Incorporation of the proline pyrrolidine ring slows protein translation (22, 23), but endows proline-containing polypeptides with conformational rigidity. As a result, proline and its post-translationally modified form, hydroxyproline, are abundant in collagen proteins (24), so a consequence of decreased mitochondrial NADP(H) generation could be impaired collagen production. Cultured mouse fibroblasts lacking Nadk2 had decreased expression of collagen when grown in DMEM (Fig. 4K; fig. S9A). These cells accumulated activating transcription factor 4 (ATF4), indicative of amino acid shortage. Addition of 300 μM proline to the culture medium restored collagen expression and blunted ATF4 accumulation in cells lacking Nadk2 (Fig. 4K; fig. S9, A and B). Similar results were obtained in osteosarcoma and chondrosarcoma cells that produce collagens (fig. S9, C and D). Fibroblasts lacking Nadk2 showed decreased collagen secretion, which was rescued by proline supplementation to the medium (Fig. 4, L and M). In patients with idiopathic pulmonary fibrosis (IPF) (25), higher NADK2 expression in the lung correlated with lower forced vital capacity (FVC) (P=0.007) and diffusion capacity for carbon monoxide (DLCO) (P=0.015), parameters that measure maximum air exhalation and the ability of lung to transfer air into the blood, respectively (Fig. 4, N and O). Similarly, IPF patients with both high NADK2 and high P5CS expression in the lung had reduced FVC and DLCO values compared to those with low NADK2 and low P5CS expression (fig. S9, E and F). Thus, increased expression of NADK2 correlated with enhanced fibrotic diseases characterized by excessive collagen deposition.

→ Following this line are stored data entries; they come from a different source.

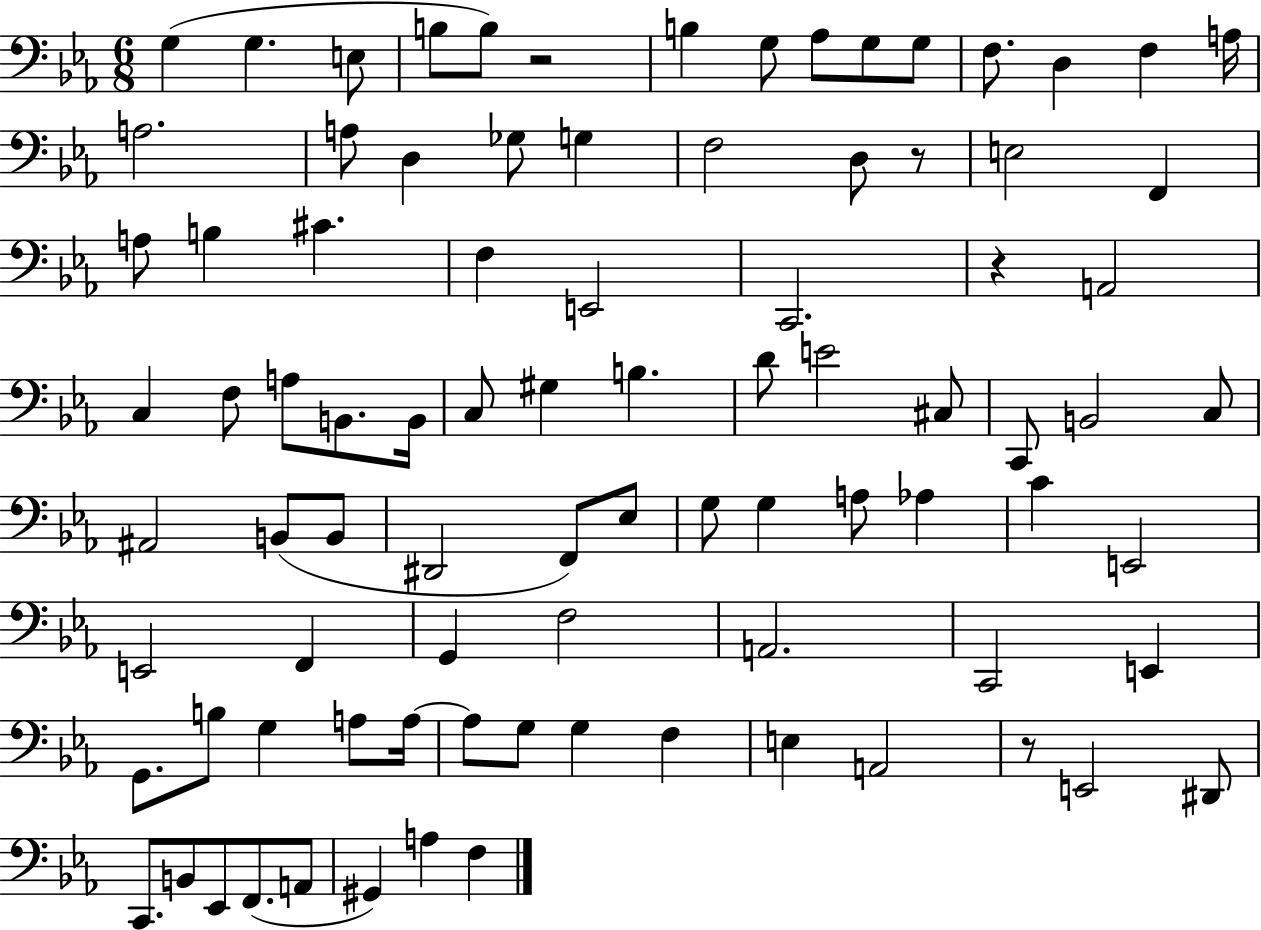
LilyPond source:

{
  \clef bass
  \numericTimeSignature
  \time 6/8
  \key ees \major
  g4( g4. e8 | b8 b8) r2 | b4 g8 aes8 g8 g8 | f8. d4 f4 a16 | \break a2. | a8 d4 ges8 g4 | f2 d8 r8 | e2 f,4 | \break a8 b4 cis'4. | f4 e,2 | c,2. | r4 a,2 | \break c4 f8 a8 b,8. b,16 | c8 gis4 b4. | d'8 e'2 cis8 | c,8 b,2 c8 | \break ais,2 b,8( b,8 | dis,2 f,8) ees8 | g8 g4 a8 aes4 | c'4 e,2 | \break e,2 f,4 | g,4 f2 | a,2. | c,2 e,4 | \break g,8. b8 g4 a8 a16~~ | a8 g8 g4 f4 | e4 a,2 | r8 e,2 dis,8 | \break c,8. b,8 ees,8 f,8.( a,8 | gis,4) a4 f4 | \bar "|."
} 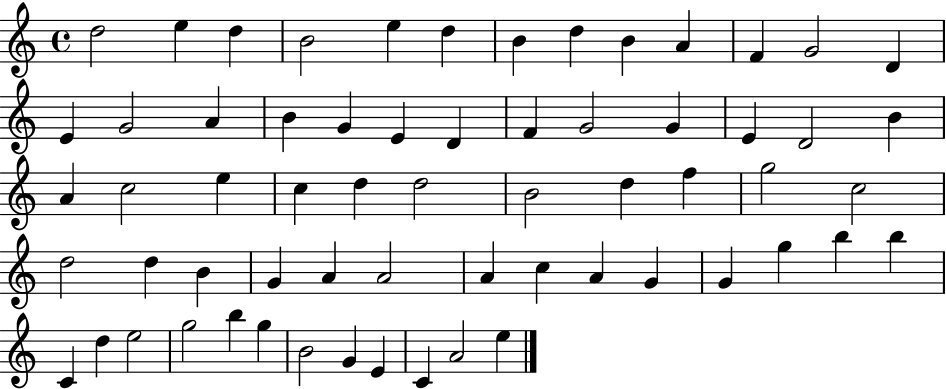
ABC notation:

X:1
T:Untitled
M:4/4
L:1/4
K:C
d2 e d B2 e d B d B A F G2 D E G2 A B G E D F G2 G E D2 B A c2 e c d d2 B2 d f g2 c2 d2 d B G A A2 A c A G G g b b C d e2 g2 b g B2 G E C A2 e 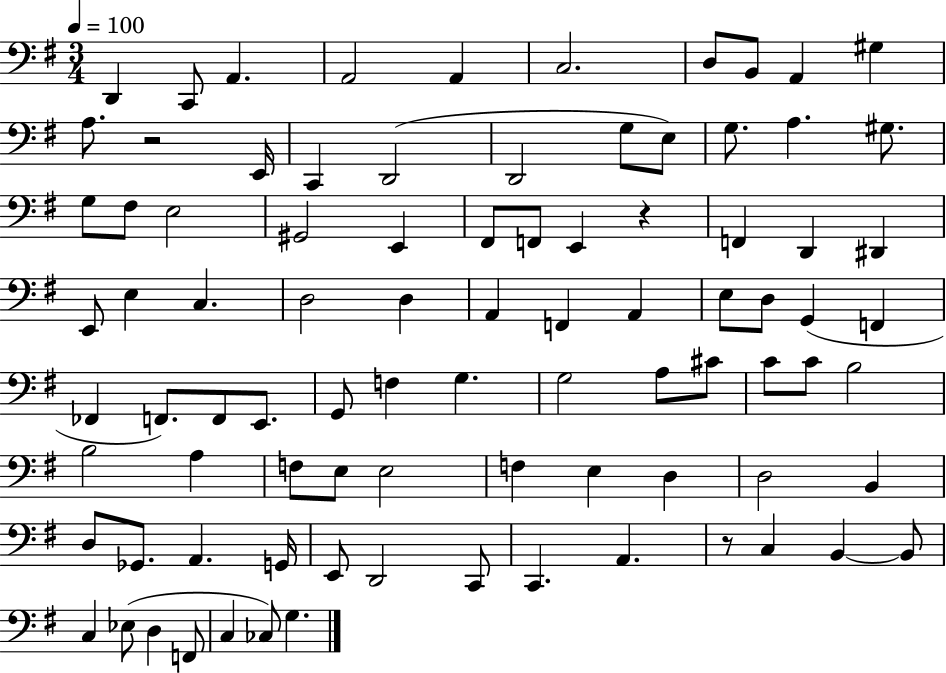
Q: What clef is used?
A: bass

These findings provide insights into the regulation of intracellular metabolism. In endosymbiosis with the host cell, mitochondria produce NADP(H) that supplies biosynthetic precursors to their host and appear not to use the NADP(H) for antioxidant defense in support of their own homeostasis. Compartmentalization of cellular metabolism thus has important roles in eukaryotic cells beyond the well-known collaborative production of ATP.